We extend the exploration of dotless representation of Arabic text by applying it across a diverse array of downstream tasks, each selected for its relevance to both the linguistic peculiarities of the Arabic language and the broader objectives of NLP research. Our investigation spans three main areas: text classification, sequence labeling, and neural machine translation. Within text classification, we experimented with sentiment analysis, news topic classification, and Arabic poetry meter classification. For sequence labeling tasks, we experimented with part-of-speech tagging (POS) and named entity recognition (NER). Lastly, the challenge of machine translation serves as a capstone to this exploration, assessing the model’s capacity for maintaining meaning and context between languages considering the dotless representation. It’s important to note that these tasks were initially optimized for the best performance with dotted text before evaluating the dotless representation under the same optimal hyperparameters tailored for the dotted scenarios.

7.1 Text Classification

In text classification, we have chosen tasks comparing dotless text representation with dotted, addressing diverse challenges and variations. Sentiment analysis represents the class of binary classification tasks. News topic classification demonstrates adaptability to multi-class scenarios. Arabic poetry meter classification, relying on character tokenization, stands as an instance of Arabic language-specific tasks. This selection aims to compare the versatility of dotless representation against dotted across various tasks and setups. Throughout all the experiments, we evaluated the performance with accuracy. When a dataset is imbalanced, we extend the evaluation to cover micro recall, precision, and F1-score.

7.1.1 Sentiment Analysis

Sentiment analysis, a fundamental NLP task, involves automatically extracting and interpreting emotions, opinions, and attitudes expressed in text, to determine whether the sentiment conveyed is positive or negative. Our study investigates the impact of removing dots in sentiment analysis tasks, utilizing the LABR dataset collected from Goodreads2 (Aly and Atiya 2013). The dataset includes book reviews with ratings indicating sentiment polarity. A unique characteristic of this dataset is its reflection of real-world usage scenarios from daily Arabic content posted on the Web, encompassing a mixture of MSA and dialects commonly used in day-to-day verbal and social media communication. After preprocessing and filtering for the binary classification task, the dataset contains 9,225 training samples and 2,338 test samples. We experiment with three tokenization methods to evaluate and compare models’ performance between dotted and dotless text representations. For vocabulary, we selected vocabulary that covers 90% of the running text following subwords tokenization similar to the one applied in language modeling described in Section 5. We used a RNN-based deep learning architecture for the task. The model architecture includes embedding layers, GRU layers, dropout layers, and dense layers, with binary cross-entropy loss. The Adam optimizer was utilized during training. The model’s hyperparameters are tuned to ensure a proper setup for the dotted text. For evaluation, we utilized accuracy as the dataset is balanced.
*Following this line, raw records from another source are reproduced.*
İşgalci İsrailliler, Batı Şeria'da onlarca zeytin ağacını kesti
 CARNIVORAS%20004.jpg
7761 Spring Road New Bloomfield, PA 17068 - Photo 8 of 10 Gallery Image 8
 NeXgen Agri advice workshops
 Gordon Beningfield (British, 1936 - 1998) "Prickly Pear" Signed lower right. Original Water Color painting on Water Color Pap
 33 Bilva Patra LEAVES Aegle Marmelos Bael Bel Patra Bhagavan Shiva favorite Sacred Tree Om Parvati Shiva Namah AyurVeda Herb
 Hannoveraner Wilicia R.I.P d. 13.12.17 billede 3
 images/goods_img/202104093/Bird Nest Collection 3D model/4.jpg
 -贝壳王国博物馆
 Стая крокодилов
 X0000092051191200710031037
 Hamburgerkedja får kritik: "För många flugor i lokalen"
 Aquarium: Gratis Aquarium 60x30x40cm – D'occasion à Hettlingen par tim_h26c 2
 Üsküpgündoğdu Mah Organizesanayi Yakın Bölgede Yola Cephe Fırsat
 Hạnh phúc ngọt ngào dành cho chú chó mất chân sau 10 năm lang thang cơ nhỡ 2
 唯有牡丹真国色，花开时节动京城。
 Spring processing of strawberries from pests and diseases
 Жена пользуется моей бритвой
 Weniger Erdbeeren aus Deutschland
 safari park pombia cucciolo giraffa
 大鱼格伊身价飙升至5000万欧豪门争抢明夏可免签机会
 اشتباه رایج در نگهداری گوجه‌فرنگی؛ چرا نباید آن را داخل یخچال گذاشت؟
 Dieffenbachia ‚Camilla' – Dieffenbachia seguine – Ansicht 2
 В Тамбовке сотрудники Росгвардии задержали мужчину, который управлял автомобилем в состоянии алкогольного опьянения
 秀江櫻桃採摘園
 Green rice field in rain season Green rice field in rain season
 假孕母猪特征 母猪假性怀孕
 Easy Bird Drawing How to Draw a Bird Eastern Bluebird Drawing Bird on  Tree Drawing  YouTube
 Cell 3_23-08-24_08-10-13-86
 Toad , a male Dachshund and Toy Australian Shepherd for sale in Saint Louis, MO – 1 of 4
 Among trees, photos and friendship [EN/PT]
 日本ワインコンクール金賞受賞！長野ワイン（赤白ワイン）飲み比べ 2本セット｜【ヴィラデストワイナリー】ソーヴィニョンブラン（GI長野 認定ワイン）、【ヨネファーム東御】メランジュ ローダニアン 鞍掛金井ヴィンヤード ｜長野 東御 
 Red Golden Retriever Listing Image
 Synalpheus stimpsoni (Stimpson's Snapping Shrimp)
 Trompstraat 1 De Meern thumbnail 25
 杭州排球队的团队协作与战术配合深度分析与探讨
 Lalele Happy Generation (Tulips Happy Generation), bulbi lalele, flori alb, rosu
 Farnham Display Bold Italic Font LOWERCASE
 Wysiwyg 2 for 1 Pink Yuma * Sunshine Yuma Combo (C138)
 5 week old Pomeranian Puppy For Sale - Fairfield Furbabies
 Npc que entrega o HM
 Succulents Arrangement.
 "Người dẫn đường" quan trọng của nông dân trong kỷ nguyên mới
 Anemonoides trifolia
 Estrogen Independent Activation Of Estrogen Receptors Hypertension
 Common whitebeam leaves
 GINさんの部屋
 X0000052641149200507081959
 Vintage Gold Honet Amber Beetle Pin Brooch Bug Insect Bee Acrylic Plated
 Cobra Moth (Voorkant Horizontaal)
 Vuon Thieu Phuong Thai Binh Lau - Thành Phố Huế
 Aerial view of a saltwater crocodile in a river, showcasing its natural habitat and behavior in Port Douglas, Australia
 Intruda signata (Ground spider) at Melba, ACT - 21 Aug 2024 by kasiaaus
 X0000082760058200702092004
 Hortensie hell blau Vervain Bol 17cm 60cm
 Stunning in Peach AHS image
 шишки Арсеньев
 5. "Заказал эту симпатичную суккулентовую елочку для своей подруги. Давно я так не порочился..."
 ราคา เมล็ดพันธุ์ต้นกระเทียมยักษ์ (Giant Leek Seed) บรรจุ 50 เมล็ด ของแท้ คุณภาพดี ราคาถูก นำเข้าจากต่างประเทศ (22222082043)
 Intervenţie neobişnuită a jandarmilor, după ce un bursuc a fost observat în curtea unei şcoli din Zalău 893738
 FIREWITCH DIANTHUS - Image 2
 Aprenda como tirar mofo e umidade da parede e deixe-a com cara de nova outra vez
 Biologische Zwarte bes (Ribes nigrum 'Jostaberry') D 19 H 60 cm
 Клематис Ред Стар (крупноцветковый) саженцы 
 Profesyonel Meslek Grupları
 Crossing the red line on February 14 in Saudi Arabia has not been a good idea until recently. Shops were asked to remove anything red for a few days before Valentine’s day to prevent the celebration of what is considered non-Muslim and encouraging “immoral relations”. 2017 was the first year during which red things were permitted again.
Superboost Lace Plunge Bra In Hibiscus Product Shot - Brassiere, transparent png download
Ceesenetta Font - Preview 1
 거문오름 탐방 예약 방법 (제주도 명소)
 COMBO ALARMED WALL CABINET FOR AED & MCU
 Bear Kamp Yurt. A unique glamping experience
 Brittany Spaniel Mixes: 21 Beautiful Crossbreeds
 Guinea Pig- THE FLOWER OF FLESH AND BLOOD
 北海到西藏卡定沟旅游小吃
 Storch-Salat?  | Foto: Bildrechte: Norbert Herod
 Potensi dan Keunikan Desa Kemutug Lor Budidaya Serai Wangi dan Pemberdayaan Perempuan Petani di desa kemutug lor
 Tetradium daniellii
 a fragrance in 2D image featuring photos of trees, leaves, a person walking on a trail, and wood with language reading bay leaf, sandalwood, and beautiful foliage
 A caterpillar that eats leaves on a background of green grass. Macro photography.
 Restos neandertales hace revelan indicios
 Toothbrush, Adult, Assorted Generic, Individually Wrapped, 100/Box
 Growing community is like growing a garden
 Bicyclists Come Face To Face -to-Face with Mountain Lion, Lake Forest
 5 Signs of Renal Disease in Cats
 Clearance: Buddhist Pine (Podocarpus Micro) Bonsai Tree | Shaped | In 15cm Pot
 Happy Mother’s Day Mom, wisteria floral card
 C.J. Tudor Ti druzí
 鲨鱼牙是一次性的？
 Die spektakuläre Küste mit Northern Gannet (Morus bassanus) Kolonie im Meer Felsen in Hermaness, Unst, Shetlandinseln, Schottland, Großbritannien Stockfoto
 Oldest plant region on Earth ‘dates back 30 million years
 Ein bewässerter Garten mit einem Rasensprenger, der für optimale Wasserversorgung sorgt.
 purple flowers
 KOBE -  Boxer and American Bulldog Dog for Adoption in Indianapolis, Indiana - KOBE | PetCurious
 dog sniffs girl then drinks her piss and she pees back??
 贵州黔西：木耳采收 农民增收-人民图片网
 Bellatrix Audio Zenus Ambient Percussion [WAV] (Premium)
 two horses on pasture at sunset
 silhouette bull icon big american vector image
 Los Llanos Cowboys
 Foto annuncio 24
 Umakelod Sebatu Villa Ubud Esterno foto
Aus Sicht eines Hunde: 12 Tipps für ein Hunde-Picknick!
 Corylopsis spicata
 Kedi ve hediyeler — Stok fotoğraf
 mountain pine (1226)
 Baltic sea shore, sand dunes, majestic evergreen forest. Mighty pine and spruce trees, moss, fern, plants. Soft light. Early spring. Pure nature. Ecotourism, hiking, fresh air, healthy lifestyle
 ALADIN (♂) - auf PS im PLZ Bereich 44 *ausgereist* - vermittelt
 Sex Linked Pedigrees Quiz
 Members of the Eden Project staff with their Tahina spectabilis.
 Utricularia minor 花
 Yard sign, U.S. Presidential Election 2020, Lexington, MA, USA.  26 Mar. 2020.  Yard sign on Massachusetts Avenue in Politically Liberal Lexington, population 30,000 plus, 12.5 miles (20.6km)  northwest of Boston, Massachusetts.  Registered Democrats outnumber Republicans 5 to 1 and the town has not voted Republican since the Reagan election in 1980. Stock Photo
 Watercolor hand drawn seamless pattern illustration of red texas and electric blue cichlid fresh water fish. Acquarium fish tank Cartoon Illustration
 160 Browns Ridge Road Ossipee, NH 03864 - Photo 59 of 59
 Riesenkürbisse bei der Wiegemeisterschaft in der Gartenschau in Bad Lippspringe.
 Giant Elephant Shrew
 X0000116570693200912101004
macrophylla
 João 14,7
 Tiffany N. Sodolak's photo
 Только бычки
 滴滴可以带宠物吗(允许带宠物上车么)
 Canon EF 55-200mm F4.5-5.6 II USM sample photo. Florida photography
The test accuracy results shown in Table 9 showcase the impact of different tokenizers on both dotted and dotless texts for sentiment analysis. Notably, finer-grained tokenization generally leads to higher test accuracy across both text types. An important aspect to be noted is the significant reduction in vocabulary size when transitioning from dotted to dotless text, across all the tokenization methods, with a negligible effect on performance. This reduction underscores the efficiency of dotless text in maintaining high levels of accuracy while simplifying the model’s complexity. Another effect of having a smaller vocabulary size is that the embedding layer becomes smaller, affecting the overall size of the resulting model. In the case of words as tokens, dotless representation show a slightly better accuracy with almost a third reduction in vocabulary size. For the other two tokenizations, dotless text has slightly lower accuracy. Interestingly, disjoint tokenizer shows almost similar performance with vocabulary reduction for dotless representation by almost 50%.

Table 9

Sentiment analysis results with three different tokenizations.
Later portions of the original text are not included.